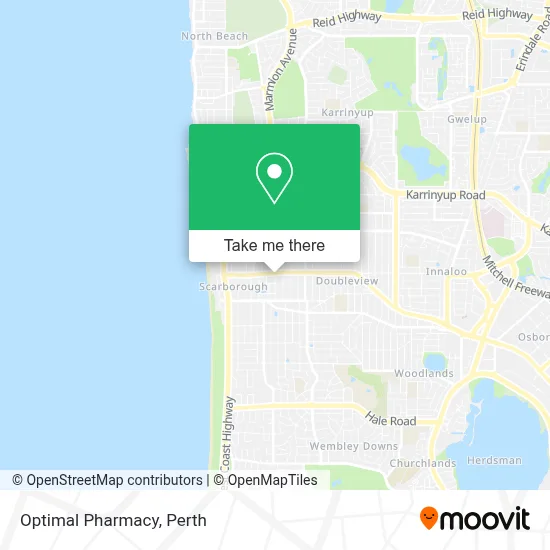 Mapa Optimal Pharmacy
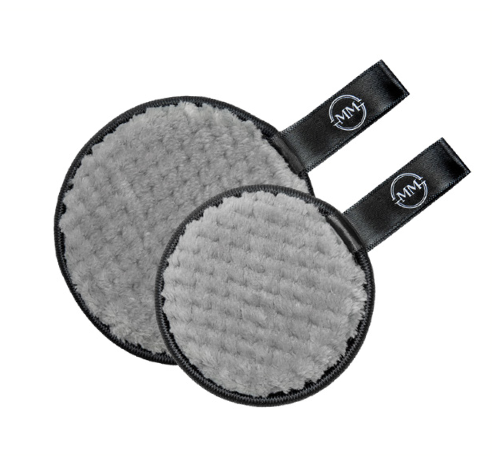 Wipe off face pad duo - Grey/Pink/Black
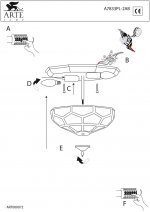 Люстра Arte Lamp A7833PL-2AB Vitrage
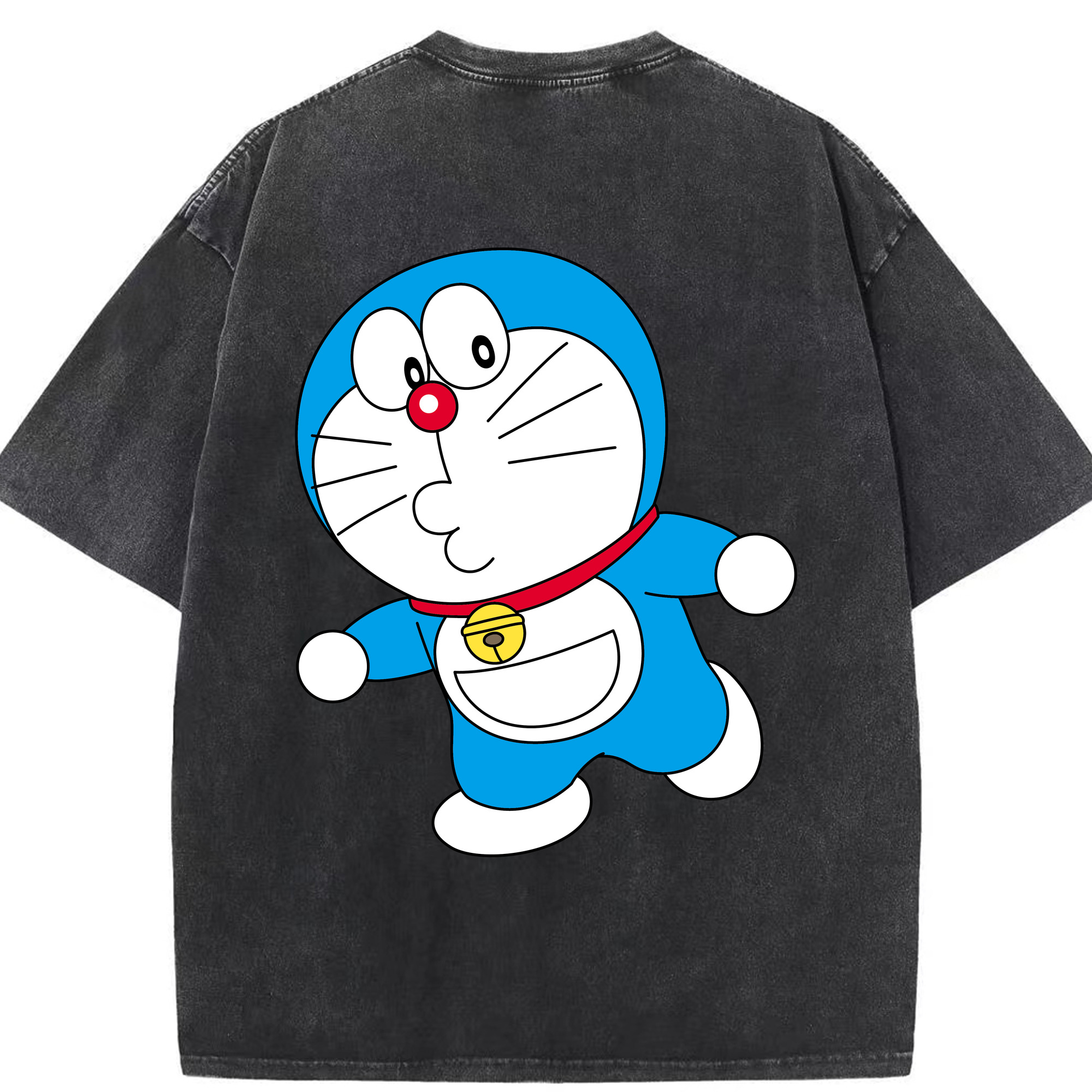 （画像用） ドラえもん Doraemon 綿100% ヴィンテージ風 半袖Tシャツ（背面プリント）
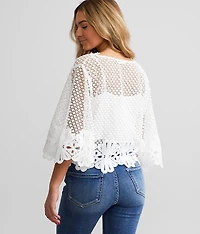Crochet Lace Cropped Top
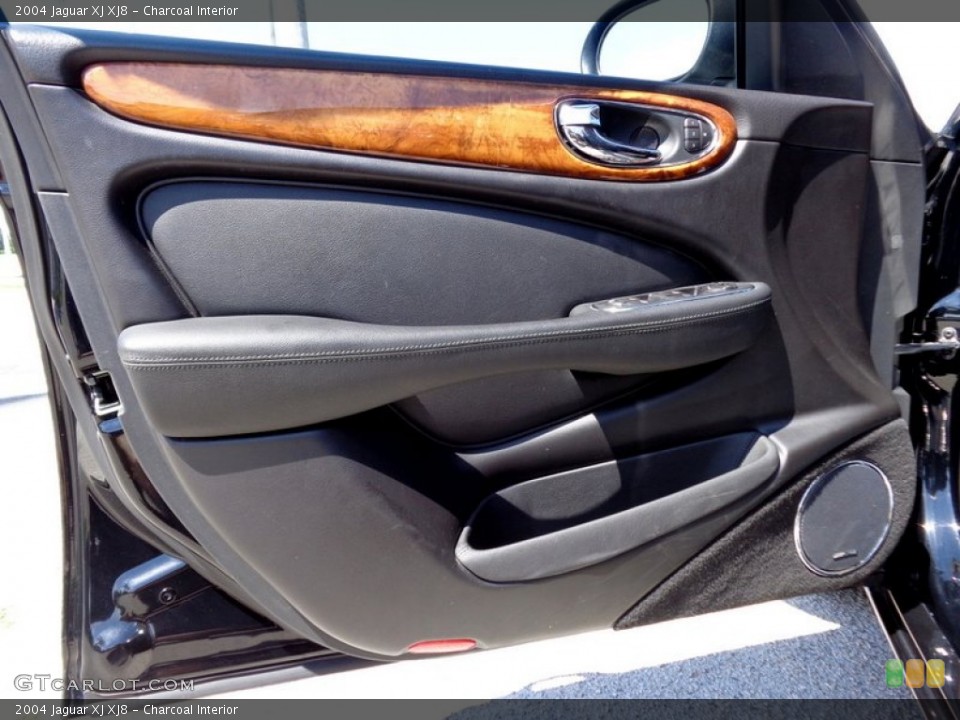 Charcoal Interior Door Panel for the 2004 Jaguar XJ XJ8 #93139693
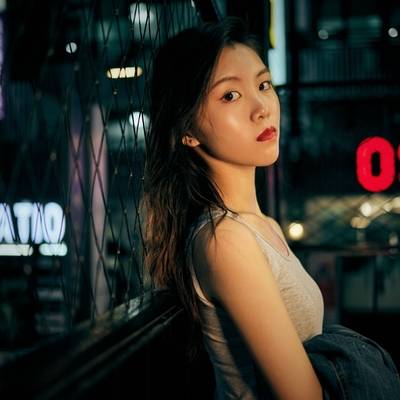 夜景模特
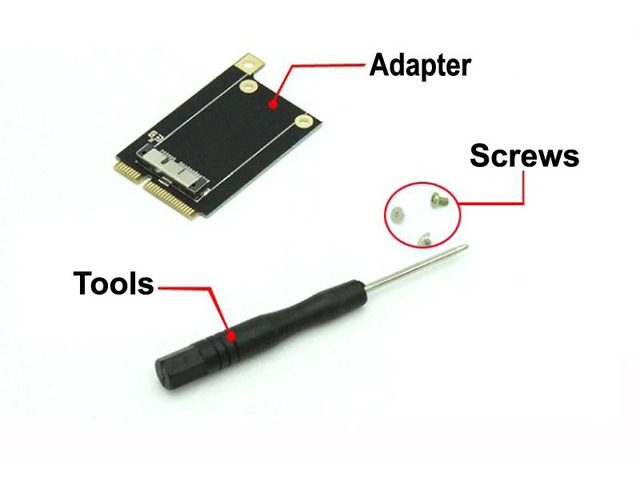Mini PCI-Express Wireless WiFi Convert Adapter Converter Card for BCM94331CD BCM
==========
From the first line above to the last, copy the records exactly but omit the pictures.

 Mapa Optimal Pharmacy
 Wipe off face pad duo - Grey/Pink/Black
 Люстра Arte Lamp A7833PL-2AB Vitrage
 （画像用） ドラえもん Doraemon 綿100% ヴィンテージ風 半袖Tシャツ（背面プリント）
Crochet Lace Cropped Top
 Charcoal Interior Door Panel for the 2004 Jaguar XJ XJ8 #93139693
 夜景模特
Mini PCI-Express Wireless WiFi Convert Adapter Converter Card for BCM94331CD BCM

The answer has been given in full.